SWEET POTATO CASSEROLE MINI GALETTES RECIPE BY TASTY



Sweet Potato Casserole Mini Galettes Recipe by Tasty image

A fun and handheld take on a traditional holiday favorite. Topped with a sweet streusel and mini marshmallows, these gorgeous galettes could probably pass as dessert, but we'll leave that course to the pies.
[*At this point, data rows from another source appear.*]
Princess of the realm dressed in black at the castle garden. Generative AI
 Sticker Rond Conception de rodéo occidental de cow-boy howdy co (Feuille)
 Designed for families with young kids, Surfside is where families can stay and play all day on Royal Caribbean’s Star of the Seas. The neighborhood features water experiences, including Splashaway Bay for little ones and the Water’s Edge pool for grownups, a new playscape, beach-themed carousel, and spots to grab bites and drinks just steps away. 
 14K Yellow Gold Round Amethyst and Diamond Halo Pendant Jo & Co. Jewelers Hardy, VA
To save yourself some time, prepare the dough and streusel the day before.

Provided by Betsy Carter

Categories     Sides

Time 1h40m

Yield 8 servings

Number Of Ingredients 25

2 ½ cups all purpose flour, plus more for dusting
1 teaspoon kosher salt
1 tablespoon granulated sugar
16 tablespoons unsalted butter, cubed and chilled
½ cup buttermilk, plus 2 tablespoons
kosher salt, for boiling
2 medium sweet potatoes, peeled and cubed
2 tablespoons unsalted butter, melted
¼ cup milk
3 tablespoons brown sugar, packed
1 teaspoon vanilla extract
½ teaspoon cinnamon
1 teaspoon kosher salt
1 large egg
¼ cup all purpose flour
1 tablespoon granulated sugar
2 tablespoons dark brown sugar, lighlty packed
½ teaspoon kosher salt
½ teaspoon ground cinnamon
8 tablespoons unsalted butter, cubed and chilled
½ cup chopped pecans
1 tablespoon water
1 egg
¼ cup turbinado sugar
½ cup mini marshmallows

Steps:

  • Make the dough: In a large bowl, mix together the flour, salt, and sugar. Add the butter and toss to coat. Using your hands, work the butter into the flour until the mixture resembles a coarse meal.
  • Make a well in the center of the butter/flour mixture and pour in the buttermilk. Working quickly so the butter doesn't soften, use your hands to form a shaggy dough.
  • Turn the dough out onto a lightly floured surface and knead until it comes together, being careful not to overwork. Form the dough into a 7-inch (18 cm) square about 1 inch (2.5 cm) thick. Cut into 8 equal pieces and form into discs. Wrap the discs in plastic wrap and chill in the refrigerator for at least 1 hour, or overnight.
  • Make the filling: Bring a large pot of salted water to a boil over high heat. Add the sweet potatoes, then reduce the heat to medium-high and cook for 10-12 minutes, or until the sweet potatoes are very tender. Drain, then transfer to a medium bowl and let cool for about 10 minutes.
  • To the bowl with the sweet potatoes, add the melted butter, milk, brown sugar, vanilla, cinnamon, salt, and egg. Mix well with a fork, mashing the sweet potatoes, until smooth and well combined. Let cool to room temperature.
  • Make the streusel: Preheat the oven to 375°F (190°C). Line a baking sheet with parchment paper or a nonstick mat.
  • In a medium bowl, mix together the flour, granulated sugar, brown sugar, salt, and cinnamon. Work the butter into the dry ingredients with 2 forks until crumbly. Add the chopped pecans and mix well.
  • Spread the streusel on the prepared baking sheet. Bake for 12-15 minutes, stirring halfway, until golden brown. Remove from the oven and let cool slightly, then crumble and let cool completely before using. The streusel will keep in an airtight container for up to 1 week.
  • Assemble the galettes: Increase the oven temperature to 400°F (200°C). Line 2 baking sheets with parchment paper.
  • Roll out each disc of pie dough into a 7-8 inch (18-20 cm)round, trimming the edges for even circles. Spoon about 3 tablespoons of the sweet potato filling into the center of each round. Fold the edges of the dough up and over the filling, leaving an opening in the center. Transfer the galettes to the prepared baking sheets, 4 per pan.
  • Brush with the dough with the egg wash and sprinkle with the turbinado sugar.
  • Bake the galettes for 25 minutes, then rotate the pan and bake for another 10 minutes. Remove from the oven and top each galette with about 1 tablespoon of the streusel and 1 tablespoon of marshmallows, then return to the oven and bake for another 5 minutes, or until the marshmallows are browned and bubbling.
  • Serve immediately.
  • Enjoy!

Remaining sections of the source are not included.